In order to assign a custom icon you will need a PNG 1024 x 1024px square icon, I am using this artwork. There are plenty of image converter utility out there, but I prefer ICONVERTICONS  which does all the conversion we will need, .ico for windows, .icns for mac and .png will work for linux. Here is the icon I am going to use:

QReader App Icon

Once you downloaded all the converted icons paste them into below folder structure. Create assets folder in root first.

assets-folder-structure-electron-app

Now we have the icon, next, we will need to use it in our app. let’s pass icon in new BrowserWindow configuration.

mainWindow = new BrowserWindow({
    width: 1000,
    height: 600,
    minWidth: 480,
    show: false,
    icon: path.join(__dirname, 'assets/icons/png/64x64.png')
  })

Open target=_blanks links in New window

If you open a feed link, it should open in the browser window, but in our current app as you can see it is opening in a new window which is not we want.

We can fix it by running listening for new-window event on the webContents. Add this in main.js.

...
// and load the url of the app.  
mainWindow.loadURL('http://qreader.qcode.in')

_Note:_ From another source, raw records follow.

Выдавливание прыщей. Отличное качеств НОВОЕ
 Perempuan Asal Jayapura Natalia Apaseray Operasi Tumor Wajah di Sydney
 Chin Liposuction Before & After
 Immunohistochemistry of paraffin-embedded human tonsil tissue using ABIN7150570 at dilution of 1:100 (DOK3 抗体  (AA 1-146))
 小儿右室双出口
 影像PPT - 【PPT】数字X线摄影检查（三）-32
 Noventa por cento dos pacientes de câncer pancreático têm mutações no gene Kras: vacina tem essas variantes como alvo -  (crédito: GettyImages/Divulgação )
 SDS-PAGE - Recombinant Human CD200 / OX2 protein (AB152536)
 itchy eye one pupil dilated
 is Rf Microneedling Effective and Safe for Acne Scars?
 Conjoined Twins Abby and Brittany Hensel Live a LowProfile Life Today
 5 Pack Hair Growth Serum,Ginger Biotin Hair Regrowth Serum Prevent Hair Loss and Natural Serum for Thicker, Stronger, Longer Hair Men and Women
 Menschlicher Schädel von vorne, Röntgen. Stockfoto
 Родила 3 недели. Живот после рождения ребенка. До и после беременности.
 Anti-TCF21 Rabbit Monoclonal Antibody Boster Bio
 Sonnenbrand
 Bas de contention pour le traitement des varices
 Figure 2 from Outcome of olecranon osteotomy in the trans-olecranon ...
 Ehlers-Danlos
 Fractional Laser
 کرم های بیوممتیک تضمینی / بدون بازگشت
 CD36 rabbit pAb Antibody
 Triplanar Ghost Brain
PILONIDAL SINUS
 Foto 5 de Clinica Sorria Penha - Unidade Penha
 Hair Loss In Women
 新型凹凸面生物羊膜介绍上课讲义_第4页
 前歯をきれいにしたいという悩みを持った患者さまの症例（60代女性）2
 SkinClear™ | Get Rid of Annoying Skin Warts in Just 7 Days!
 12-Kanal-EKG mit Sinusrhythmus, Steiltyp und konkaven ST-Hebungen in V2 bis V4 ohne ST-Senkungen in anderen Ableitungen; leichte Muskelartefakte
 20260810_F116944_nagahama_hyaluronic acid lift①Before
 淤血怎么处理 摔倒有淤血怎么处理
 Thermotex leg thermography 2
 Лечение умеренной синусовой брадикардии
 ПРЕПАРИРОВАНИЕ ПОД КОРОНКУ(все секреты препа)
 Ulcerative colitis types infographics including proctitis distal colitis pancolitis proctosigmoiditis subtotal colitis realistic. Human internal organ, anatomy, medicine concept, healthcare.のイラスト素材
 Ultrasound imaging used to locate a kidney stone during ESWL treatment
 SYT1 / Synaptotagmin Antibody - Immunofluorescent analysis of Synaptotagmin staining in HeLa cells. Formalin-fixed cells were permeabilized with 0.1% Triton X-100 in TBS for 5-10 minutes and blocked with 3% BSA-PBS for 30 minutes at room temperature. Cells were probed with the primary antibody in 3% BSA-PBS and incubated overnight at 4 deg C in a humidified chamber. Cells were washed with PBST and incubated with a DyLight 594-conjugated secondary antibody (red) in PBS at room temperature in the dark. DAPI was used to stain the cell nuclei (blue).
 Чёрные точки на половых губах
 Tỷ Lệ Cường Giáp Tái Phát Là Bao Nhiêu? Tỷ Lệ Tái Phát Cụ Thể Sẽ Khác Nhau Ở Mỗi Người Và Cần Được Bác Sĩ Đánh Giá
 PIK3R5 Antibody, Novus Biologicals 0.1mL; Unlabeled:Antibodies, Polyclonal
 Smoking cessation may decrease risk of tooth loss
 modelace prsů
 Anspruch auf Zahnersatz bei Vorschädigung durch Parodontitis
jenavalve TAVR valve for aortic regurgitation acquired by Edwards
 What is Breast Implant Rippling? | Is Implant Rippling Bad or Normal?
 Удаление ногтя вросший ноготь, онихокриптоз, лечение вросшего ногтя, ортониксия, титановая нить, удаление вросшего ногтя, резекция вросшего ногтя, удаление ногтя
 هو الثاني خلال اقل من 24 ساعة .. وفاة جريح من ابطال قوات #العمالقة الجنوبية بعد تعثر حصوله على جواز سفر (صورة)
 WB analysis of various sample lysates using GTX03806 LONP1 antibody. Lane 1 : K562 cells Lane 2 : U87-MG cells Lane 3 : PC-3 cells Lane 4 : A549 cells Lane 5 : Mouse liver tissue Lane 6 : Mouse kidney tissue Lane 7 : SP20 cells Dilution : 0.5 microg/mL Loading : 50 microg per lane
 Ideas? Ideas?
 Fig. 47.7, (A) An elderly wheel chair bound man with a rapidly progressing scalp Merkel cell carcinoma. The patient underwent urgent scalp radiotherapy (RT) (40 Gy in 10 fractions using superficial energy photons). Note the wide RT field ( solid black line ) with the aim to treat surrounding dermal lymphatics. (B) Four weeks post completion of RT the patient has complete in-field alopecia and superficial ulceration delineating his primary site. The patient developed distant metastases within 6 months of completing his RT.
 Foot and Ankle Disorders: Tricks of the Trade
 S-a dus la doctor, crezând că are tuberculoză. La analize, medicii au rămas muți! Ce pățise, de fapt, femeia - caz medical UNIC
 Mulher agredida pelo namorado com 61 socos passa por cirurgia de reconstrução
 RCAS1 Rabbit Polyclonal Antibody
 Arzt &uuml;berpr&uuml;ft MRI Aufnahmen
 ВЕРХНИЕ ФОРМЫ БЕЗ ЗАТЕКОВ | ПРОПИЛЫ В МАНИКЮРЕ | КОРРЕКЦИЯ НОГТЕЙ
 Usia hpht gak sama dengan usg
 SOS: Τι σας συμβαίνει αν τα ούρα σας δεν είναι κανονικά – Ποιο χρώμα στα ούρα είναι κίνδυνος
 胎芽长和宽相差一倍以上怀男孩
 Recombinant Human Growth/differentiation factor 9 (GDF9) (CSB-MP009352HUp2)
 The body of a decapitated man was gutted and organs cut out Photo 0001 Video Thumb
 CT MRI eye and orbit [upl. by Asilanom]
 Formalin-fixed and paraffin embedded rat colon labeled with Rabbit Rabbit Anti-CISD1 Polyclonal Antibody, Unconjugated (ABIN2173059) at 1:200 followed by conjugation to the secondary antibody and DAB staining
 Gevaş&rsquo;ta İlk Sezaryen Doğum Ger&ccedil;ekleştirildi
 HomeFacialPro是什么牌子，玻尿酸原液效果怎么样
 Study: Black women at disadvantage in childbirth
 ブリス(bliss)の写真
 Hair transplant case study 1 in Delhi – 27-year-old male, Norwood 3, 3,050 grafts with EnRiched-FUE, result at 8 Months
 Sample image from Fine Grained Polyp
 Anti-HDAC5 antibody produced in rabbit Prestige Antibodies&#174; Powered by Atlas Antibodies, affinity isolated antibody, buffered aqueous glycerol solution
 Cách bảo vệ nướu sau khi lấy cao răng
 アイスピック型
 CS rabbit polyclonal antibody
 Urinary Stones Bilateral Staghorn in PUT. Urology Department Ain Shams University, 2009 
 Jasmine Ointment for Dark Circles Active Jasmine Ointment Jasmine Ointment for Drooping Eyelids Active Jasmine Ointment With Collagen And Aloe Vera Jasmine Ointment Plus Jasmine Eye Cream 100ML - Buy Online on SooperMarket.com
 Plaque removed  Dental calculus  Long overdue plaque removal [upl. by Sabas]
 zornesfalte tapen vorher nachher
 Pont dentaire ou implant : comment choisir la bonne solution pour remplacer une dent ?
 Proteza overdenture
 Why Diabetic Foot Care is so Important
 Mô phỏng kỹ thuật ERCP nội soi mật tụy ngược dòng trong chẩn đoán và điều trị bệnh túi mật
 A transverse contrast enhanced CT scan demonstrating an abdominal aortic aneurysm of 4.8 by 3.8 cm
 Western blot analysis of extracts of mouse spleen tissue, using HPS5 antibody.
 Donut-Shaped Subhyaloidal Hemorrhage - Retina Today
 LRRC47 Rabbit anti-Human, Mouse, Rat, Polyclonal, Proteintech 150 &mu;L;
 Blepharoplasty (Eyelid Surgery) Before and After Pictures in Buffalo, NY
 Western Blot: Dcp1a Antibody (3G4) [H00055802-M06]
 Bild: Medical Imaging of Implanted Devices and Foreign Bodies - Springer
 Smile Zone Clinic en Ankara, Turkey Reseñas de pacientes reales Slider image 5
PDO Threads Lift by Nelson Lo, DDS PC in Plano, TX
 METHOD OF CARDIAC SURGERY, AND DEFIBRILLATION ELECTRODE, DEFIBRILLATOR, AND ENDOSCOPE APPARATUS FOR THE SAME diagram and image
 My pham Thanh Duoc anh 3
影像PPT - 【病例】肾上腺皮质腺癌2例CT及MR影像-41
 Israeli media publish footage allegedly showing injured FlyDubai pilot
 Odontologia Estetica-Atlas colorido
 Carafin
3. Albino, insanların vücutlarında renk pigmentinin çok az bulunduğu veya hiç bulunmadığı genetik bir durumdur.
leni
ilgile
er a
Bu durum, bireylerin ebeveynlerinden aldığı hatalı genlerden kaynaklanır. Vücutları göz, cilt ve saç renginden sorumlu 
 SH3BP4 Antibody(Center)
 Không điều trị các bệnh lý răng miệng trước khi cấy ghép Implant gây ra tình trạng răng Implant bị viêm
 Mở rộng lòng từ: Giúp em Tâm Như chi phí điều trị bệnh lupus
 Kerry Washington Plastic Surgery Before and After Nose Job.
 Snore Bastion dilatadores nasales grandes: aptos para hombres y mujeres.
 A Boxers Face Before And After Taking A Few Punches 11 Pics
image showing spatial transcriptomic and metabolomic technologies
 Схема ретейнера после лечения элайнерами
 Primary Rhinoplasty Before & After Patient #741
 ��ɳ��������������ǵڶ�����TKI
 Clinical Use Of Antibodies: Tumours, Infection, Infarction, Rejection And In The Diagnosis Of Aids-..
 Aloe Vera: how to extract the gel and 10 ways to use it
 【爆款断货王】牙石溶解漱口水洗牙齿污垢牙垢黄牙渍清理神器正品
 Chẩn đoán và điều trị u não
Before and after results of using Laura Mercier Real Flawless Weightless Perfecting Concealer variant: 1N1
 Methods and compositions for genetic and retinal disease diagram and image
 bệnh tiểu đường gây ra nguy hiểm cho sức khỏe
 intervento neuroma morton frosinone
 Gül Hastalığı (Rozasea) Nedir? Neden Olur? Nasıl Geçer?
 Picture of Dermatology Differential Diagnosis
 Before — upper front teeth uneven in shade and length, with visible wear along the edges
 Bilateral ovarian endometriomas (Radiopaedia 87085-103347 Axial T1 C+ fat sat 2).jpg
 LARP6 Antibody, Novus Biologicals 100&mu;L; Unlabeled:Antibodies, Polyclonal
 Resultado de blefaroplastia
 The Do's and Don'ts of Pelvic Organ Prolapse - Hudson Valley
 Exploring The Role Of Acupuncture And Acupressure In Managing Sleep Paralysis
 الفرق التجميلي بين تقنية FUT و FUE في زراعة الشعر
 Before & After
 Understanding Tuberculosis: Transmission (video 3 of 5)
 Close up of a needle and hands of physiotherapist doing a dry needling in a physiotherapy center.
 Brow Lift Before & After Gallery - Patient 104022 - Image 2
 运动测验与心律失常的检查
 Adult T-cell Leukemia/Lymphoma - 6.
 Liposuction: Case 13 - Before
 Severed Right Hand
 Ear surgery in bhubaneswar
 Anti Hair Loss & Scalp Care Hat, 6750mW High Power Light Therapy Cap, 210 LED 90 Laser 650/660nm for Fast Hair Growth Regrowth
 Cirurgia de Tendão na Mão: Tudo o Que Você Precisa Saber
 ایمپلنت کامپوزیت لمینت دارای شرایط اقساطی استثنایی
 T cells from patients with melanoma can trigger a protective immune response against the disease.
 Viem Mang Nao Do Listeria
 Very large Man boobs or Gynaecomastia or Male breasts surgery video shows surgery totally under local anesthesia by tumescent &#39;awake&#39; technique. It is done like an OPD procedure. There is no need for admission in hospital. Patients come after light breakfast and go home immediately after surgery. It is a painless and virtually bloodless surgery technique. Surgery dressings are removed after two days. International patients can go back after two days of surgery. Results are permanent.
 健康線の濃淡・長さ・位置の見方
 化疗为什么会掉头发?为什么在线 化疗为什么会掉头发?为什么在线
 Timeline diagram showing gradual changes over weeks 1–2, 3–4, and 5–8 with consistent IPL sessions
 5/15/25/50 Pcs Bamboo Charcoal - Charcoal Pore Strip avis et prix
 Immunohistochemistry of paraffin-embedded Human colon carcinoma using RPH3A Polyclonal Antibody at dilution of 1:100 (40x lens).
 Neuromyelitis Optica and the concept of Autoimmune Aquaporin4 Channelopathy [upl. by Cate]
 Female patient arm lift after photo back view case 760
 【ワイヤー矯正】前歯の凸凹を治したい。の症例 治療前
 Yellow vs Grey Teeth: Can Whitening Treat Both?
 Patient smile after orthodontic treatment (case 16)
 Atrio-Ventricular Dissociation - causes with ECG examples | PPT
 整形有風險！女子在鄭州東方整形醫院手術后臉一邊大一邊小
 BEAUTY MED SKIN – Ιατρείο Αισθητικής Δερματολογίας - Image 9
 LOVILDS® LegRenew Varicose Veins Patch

// Open all target="_blank" link in external browser
let webContents = mainWindow.webContents;
    webContents.on('new-window', function(event, url){
      event.preventDefault();
      electron.shell.openExternal(url);
});
...

That fixes this issue, now we need a launcher for app, lets build the .app file for mac, you can also build for window and linux.

Generate Electron Package

Lets pull the electron-packager as dev dependency from npm.

# for use in npm scripts
npm install electron-packager --save-dev

# for use from cli
npm install electron-packager -g

Now we have it, lets generate package for mac.

Mac Build

electron-packager . --overwrite --platform=darwin --arch=x64 --icon=assets/icons/mac/icon.icns --prune=true --out=release-builds

It will generate the .app file into release-builds/QReader-darwin-x64 folder.

Linux Build

electron-packager . --overwrite --platform=linux --arch=x64 --icon=assets/icons/png/1024x1024.png --prune=true --out=release-builds

Windows Build

electron-packager . --overwrite --asar=true --platform=win32 --arch=ia32 --icon=assets/icons/win/icon.ico --prune=true --out=release-builds --version-string.CompanyName=CE --version-string.FileDescription=CE --version-string.ProductName=\"Electron Tutorial App\"
Here are options details for packager

overwrite: replaces any existing output directory when packaging.

platform: The target platform to build for

arch: the architecture to build for

icon: sets the icon for the app

prune: runs npm prune –production before packaging the app. It removes unnecesary packages.

out: the name of the directory where the packages are created.

Now you can run the app by just clicking on app icon. and you can see you the name of app is also changed from Electron to QReader.

QReader-electron-app

Conclusion

I have covered only the basics in this post, I will suggest you must install the API Demos app from Electron if you really wanted to learn more. with electron its very easy to build native desktop app, if you know the html, css, and javascript you are all set. Let me know what you have created with Electron, if you have any question let me know in comments.